Overview
This project identifies potential technologies and pathways for the use of clay, bauxite residue and iron making by-products for alternative construction materials with the view to mitigate both emissions and achieve a circular economy. There is a lack of comprehensive assessment in the Australian industry context identifying those technologies with the highest techno-economical potential for large/pilot-scale demonstration.
Project Details
A comprehensive literature review and necessary preliminary evaluations of these technologies that have already been proposed or developed, to assess system integration, scale-up and effectiveness, relevance to local HILT industries, timelines to commercialisation and life-cycle emissions will be performed. High level techno-economic analysis to identify niche technologies and their bottlenecks using the developed models and available data, to identify priorities, justifying further investigation and investment.
Research Areas
Technologies and methods for production of low-carbon construction materials.
Outcomes
The project completed a review of the potential use of industrial wastes and clays in the production of cementitious materials.
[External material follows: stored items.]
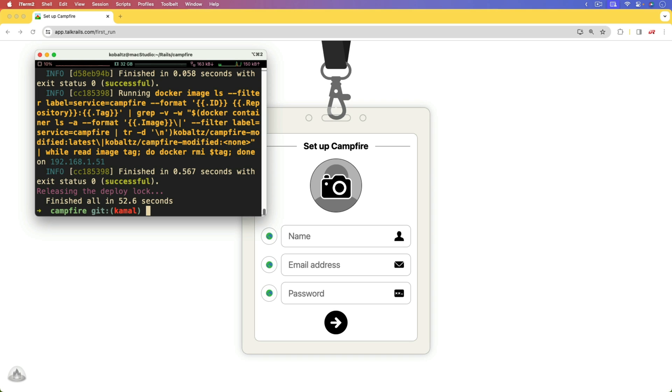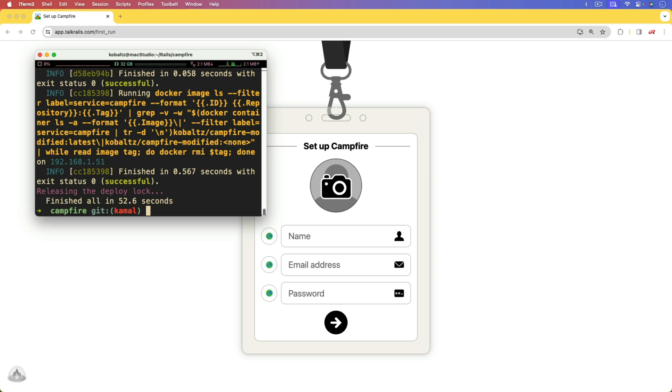Because what we're essentially going to do is to keep a pristine copy of the Campfire source code. We're then going to have a separate branch, which has all of our changes along with the Kamal deployment. If we ever want to update Campfire, then it should be as simple as replacing the main branch's code with the new version of Campfire, and then we can rebase it into our Kamal branch.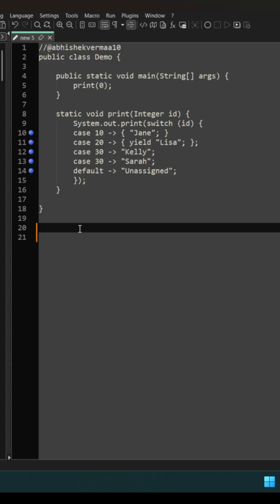Now this is not a usual switch statement. This is a switch expression which I have covered in detail in one of the previous shots. You can watch if you wish.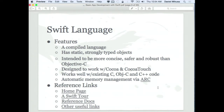Apple's got some great docs on Swift. I've got some links in the slides — if you want to grab those later and go through them, you can find a lot of the finer details. I also like the Swift Tour — it's a playground file that Apple has that you can kind of go through and play with the language. I'll show more of that in a bit.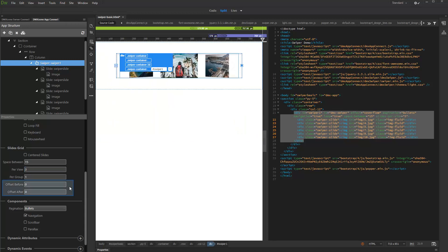We leave the Offset before and after to their default values, as we don't want any offset before or after all the slides.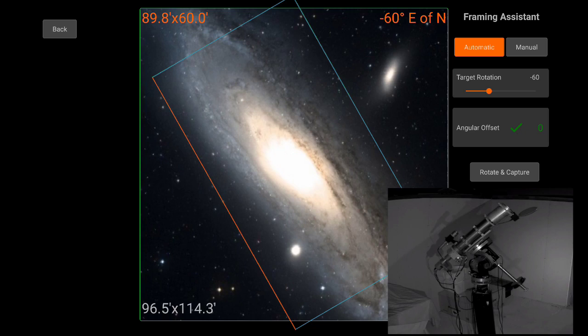So the desired target orientation is negative 60, and our sensor is negative 60 is up north, an exact match with a zero angular offset, so that's a complete success. And we're done with our framing.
The findings inform the project report (currently under review) on commercialisation of supplementary cementitious materials (SCMs), which identifies gaps and roadmaps for future projects, focusing on calcined clay.
The report details preparation bottlenecks related to pozzolanic properties (the ability of certain materials to react chemically with lime in the presence of water to form cementitious compounds), influenced by impurities and factors related to dihydroxylation (using heat to remove chemically bound water). Varying calcination patterns associated with complex clay compositions also pose challenges.
The project also report examines:
- SCM commercialisation status and potential in Australia.
- Bauxite residue as an SCM, noting limited Australian research.
One key finding is that variability in bauxite residue composition necessitates tailored integration pathways, requiring further study on pre-treatment methods and novel approaches such as reductive roasting to ensure viability.